* [Task brief]:
Please find the lines in the entries below that contain the word "Romper", and copy each one.

* [Records for the exercise]:
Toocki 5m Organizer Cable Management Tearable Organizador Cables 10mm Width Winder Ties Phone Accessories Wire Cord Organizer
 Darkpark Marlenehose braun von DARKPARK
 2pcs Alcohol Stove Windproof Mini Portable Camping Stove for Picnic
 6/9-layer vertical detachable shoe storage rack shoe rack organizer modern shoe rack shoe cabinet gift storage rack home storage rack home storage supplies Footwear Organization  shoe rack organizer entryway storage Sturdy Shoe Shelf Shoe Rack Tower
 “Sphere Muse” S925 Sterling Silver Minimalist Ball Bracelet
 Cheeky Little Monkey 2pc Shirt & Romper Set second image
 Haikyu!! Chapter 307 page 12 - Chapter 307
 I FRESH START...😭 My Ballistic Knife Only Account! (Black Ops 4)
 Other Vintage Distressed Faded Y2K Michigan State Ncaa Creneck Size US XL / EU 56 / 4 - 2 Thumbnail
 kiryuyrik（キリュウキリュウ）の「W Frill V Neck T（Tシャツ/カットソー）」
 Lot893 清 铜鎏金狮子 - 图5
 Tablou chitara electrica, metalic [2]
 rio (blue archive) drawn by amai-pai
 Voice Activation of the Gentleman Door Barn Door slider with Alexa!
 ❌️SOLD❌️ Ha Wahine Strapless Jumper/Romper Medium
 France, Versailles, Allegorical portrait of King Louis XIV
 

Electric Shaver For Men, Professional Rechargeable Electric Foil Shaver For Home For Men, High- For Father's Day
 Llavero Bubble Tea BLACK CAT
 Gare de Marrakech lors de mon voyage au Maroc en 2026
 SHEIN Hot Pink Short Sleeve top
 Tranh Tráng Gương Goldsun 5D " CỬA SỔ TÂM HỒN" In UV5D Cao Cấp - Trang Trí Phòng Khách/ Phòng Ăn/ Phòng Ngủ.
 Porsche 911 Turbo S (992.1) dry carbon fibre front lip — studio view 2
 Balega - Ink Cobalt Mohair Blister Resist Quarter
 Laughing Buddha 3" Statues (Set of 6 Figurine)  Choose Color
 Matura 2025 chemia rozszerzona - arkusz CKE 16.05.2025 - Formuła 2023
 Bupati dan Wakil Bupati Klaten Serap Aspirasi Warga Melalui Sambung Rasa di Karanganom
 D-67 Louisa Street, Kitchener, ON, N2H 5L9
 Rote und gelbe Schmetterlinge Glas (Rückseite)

* [Your response]:
 Cheeky Little Monkey 2pc Shirt & Romper Set second image
 ❌️SOLD❌️ Ha Wahine Strapless Jumper/Romper Medium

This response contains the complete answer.